Will the industry minister confirm whether or not Dingwall is being investigated and is he involved in any of these other five companies that have breached their contracts?

Technology Partnerships Canada
Oral Questions

2:30 p.m.

Vancouver Kingsway
B.C.

Liberal

David Emerson Minister of Industry

Mr. Speaker, I will of course respond to the letter I received from the industry committee. We will do that as quickly as we can.

Mr. Dingwall is not a company in receipt of a TPC contribution. We are dealing with the companies with which we have contracts. We are investigating them. We will continue to investigate them. We will continue to ensure that taxpayers' money is fully recovered. We will release information as we are legally able to do so and when we have information to release.

Sponsorship Program
Oral Questions

October 31st, 2005 / 2:30 p.m.

Bloc

Michel Guimond Charlevoix—Montmorency, QC

Mr. Speaker, the Prime Minister said he would do things differently from Jean Chrétien. Today he is using precedents to justify the fact that the opposition will get the report just a few hours before they can react and that only one person from each party will see it in a lockup situation until it is tabled.

How can he explain putting the responsibility back on Justice Gomery last week when the one refusing to give the opposition as much preparation time as he has is none other than himself?

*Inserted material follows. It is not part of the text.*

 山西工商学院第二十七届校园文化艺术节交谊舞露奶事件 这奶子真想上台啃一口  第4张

Once again, the Prime Minister is blaming someone else.

Sponsorship Program
Oral Questions

2:35 p.m.

Kings—Hants
Nova Scotia

Liberal

Scott Brison Minister of Public Works and Government Services

Mr. Speaker, as the Prime Minister said earlier, in fact there is a long-standing tradition that governments receive these types of reports in advance of the opposition.

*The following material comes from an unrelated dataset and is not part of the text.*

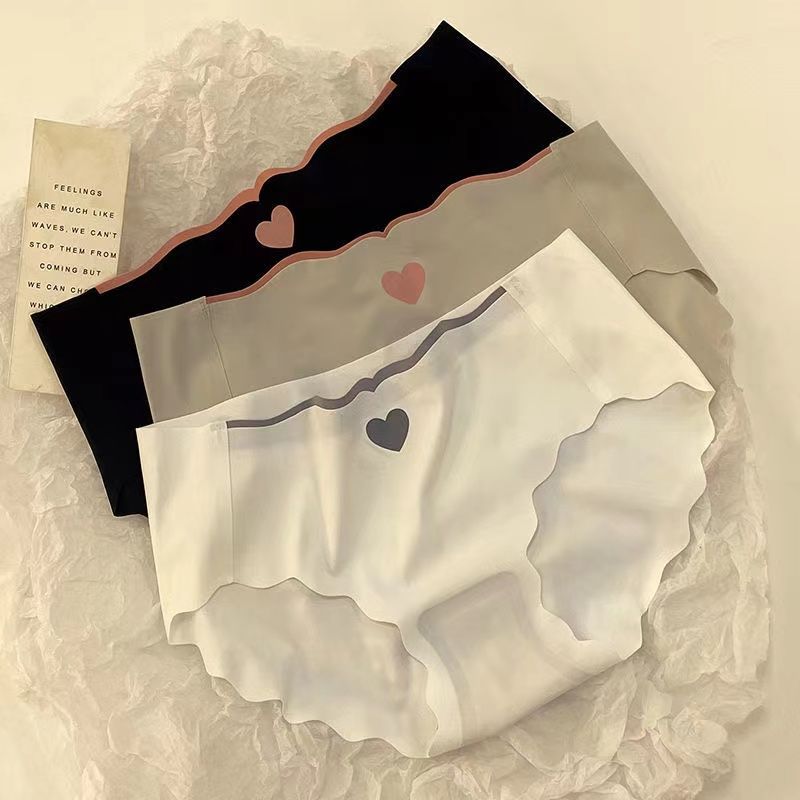 冰絲內褲女少女學生日系無痕可愛中腰提臀夏季清涼抗菌三角短褲頭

The Romanow report in fact was received a day before the opposition received it. The Somalia report was received three days before and the Krever report was received five days before the opposition received them.

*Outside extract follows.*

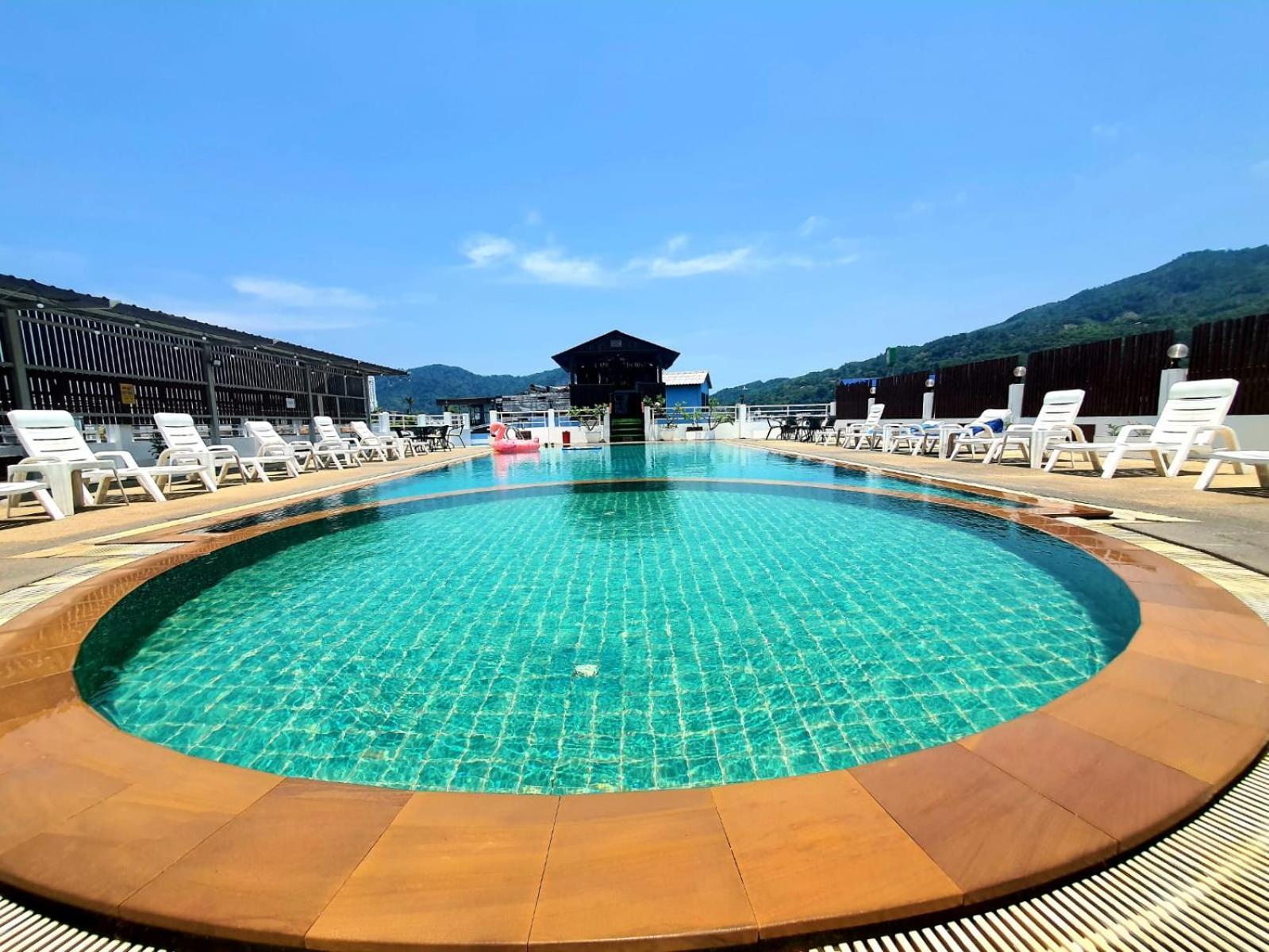 Issara Hotel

In fact, this is a bipartisan tradition. The prior Progressive Conservative government held the Royal Commission on National Passenger Transportation report for 13 days before releasing it and the Royal Commission on Electoral Reform and Party Financing for eight days before releasing it.

Sponsorship Program
Oral Questions

2:35 p.m.

Bloc

Michel Guimond Charlevoix—Montmorency, QC

Mr. Speaker, all the precedents mentioned were under Jean Chrétien. The Prime Minister is again blaming Jean Chrétien, or somebody else, or the Conservatives. We know that the Gomery report will be quite sizeable and that it will contain several hundred pages and a great deal of information to which we will need to react quickly.

Contrary to his own promise to eliminate the democratic deficit, is the Prime Minister not in fact adding to this deficit by allowing himself 16 hours to prepare his reaction, while the opposition parties will have no time to prepare because he refuses to give them the report when he gets it?

Sponsorship Program
Oral Questions

2:35 p.m.

Kings—Hants
Nova Scotia

Liberal

Scott Brison Minister of Public Works and Government Services

Mr. Speaker, as I alluded to earlier, the fact is that there is a bipartisan tradition of Canadian governments actually receiving these reports to contemplate, to respond to these reports in advance of the opposition receiving copies.

This is in fact a historically small period of time, 12 hours before the opposition will wake up bright and early tomorrow morning to get their Wheaties and to review the report.

Beyond that, I cannot refer to any precedent of the Bloc Québécois because thank goodness, the Bloc Québécois will never be able to form a government in this country.